Reps : Britain’s hardest working professionals
This morning, on my gentle canter into work, I saw what we commonly refer to as a ‘rep’ in his smart LeasePlanned Mondeo-alike. Nothing unusual in that – our road network is full of such characters. Our Man on a Mission was on the ‘phone and he had his SatNav and Road Angel stuck to the heated windscreen – essential high mile tools I’m sure you’ll agree.
Again, nothing unusual in all that – he was, after all, grafting for GB PLC. However, what really caught my attention was that he seemed unable to steer this Mondog variant (Mazda 6 to you) in a smooth, straight line. Now this was unusual because these Pros can drive the alloys off most cars – if you think you’re ace in your holiday rent-a-Fiesta, you’re just an amateur compared to these mobile order-takers.
The reason Rep was struggling to steer became obvious when I got up close: he was typing away on a laptop. GENIUS!
Obviously, he was on his way to a morning sales meet and this guy was massaging his Excel stats to suit the required PowerPoint presentation. I know such driving would incur the wrath of those on a sweet 36 (Flexi) hour week and those same self-righteous people who never ever been booked for speeding, but you’ve got to hand it to these men and women.
They cover at least a 1000 miles per week, they need to be an IT bod for their presentations, be a mathematical genius for their product margins, they’ve got to keep those stripy shirts crisp ‘n’ dry to impress the secretary and –crucially- they need to have their Super High InTensity sales patter off to a fine art – an art in itself, trust me.

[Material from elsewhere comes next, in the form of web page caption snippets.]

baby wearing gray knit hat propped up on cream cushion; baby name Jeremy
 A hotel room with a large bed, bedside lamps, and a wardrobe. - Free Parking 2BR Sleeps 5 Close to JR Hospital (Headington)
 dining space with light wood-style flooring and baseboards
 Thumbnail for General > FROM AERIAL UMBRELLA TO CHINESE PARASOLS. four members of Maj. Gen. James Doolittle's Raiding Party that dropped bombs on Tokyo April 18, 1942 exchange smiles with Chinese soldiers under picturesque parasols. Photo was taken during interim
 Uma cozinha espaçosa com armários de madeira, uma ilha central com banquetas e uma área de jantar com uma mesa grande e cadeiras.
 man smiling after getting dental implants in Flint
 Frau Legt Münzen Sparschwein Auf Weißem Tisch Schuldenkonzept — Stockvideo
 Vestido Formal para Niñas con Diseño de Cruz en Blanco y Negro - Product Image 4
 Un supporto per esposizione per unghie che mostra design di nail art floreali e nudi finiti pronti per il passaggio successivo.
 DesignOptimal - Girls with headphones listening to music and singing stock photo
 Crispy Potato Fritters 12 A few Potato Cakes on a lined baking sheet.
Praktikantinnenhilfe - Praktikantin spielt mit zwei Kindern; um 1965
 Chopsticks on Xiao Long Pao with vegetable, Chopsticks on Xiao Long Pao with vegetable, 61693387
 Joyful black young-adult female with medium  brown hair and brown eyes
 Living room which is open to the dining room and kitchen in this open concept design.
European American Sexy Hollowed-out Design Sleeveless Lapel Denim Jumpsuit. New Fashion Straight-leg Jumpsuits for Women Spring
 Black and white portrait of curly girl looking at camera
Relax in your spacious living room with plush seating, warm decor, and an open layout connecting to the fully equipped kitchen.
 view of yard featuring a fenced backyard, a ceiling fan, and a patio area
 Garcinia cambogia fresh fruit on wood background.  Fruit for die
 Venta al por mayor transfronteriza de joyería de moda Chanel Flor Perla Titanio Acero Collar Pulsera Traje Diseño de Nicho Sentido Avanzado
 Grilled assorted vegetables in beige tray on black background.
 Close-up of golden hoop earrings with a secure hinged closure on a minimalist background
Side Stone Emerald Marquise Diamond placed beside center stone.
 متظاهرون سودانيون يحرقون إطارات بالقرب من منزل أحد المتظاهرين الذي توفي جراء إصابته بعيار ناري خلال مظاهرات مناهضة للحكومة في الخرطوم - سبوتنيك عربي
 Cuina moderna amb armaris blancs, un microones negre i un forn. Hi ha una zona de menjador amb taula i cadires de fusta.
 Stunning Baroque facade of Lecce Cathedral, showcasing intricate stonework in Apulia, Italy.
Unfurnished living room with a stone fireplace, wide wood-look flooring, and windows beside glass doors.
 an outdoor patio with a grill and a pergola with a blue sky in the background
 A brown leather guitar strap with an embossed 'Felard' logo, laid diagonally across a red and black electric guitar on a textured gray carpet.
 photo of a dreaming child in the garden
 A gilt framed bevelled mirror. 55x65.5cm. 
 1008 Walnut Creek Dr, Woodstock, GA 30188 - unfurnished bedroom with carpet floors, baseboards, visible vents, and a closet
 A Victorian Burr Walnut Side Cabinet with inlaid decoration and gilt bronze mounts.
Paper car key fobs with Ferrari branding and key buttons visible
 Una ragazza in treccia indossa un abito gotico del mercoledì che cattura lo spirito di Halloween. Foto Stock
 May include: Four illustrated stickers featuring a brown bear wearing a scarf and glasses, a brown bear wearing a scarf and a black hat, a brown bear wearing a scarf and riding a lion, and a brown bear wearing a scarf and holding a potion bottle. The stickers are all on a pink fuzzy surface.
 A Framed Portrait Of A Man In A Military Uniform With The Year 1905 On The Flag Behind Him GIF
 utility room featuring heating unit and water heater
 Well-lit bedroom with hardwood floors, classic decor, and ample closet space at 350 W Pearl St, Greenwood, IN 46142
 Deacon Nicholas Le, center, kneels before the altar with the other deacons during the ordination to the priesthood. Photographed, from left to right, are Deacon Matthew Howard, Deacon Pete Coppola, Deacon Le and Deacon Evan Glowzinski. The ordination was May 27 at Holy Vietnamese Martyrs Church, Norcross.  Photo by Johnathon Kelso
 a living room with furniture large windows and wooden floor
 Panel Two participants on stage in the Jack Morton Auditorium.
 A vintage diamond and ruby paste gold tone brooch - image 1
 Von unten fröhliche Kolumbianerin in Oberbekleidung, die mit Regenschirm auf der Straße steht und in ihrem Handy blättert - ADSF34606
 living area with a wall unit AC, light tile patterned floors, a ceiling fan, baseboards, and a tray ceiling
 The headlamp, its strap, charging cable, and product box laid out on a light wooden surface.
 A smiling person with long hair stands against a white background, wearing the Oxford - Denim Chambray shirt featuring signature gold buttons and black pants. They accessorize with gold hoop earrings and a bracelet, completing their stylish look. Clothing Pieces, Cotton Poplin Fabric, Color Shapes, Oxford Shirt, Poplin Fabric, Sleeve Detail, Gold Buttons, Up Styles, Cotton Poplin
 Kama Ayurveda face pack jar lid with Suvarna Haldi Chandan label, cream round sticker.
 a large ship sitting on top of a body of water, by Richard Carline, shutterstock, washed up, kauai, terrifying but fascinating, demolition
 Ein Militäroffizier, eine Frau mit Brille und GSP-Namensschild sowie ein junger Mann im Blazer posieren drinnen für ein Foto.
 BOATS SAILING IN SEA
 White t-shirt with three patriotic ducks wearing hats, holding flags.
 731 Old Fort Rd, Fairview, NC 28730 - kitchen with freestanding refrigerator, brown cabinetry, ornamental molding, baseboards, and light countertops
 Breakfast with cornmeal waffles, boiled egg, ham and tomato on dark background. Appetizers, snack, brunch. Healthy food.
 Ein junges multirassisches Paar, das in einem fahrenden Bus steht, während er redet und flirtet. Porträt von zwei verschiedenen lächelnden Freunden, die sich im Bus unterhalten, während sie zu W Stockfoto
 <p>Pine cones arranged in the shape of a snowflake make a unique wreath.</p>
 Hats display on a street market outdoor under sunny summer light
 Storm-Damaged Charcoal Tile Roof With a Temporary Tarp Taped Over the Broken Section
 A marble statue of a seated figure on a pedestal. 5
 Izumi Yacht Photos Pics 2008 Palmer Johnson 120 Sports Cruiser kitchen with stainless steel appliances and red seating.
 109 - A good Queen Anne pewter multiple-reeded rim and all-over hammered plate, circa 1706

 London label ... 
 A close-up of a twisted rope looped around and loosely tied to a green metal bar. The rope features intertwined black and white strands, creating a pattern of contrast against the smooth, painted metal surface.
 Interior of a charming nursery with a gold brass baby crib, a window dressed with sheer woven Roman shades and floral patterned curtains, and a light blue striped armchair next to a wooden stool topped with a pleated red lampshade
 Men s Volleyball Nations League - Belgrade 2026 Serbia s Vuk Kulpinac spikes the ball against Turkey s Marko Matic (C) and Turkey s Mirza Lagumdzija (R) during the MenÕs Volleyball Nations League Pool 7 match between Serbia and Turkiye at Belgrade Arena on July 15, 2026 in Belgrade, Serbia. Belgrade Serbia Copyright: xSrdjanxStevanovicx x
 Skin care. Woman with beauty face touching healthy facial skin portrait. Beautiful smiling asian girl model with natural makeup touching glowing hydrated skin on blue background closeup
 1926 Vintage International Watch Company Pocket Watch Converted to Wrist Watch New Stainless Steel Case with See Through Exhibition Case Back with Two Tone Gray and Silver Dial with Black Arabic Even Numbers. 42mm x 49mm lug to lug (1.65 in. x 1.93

A thrusting young executive once told me that nothing in commerce moves until a sale is made and this is true. I was once offered a job in Repping for a manufacturer in security products to the Trade but, when I looked at the UserChooser list, I turned on my heels. There was no way I’d do a Basic + Excellent Commission for a 60 hour week in an Avensis – Gold BP fuel card or not.
Actually, I now, in a way, feel responsible for the drop in UK productivity because, whether you begrudge these cold callers or not, they are keeping the lifeblood of the Private Sector pumping. Just remember that as you selfishly hog the outside lane at a pathetic 90mph. Chances are the man in the latest Raybans close behind you is doing his invoicing and you’re obscuring his view ahead. MOVE!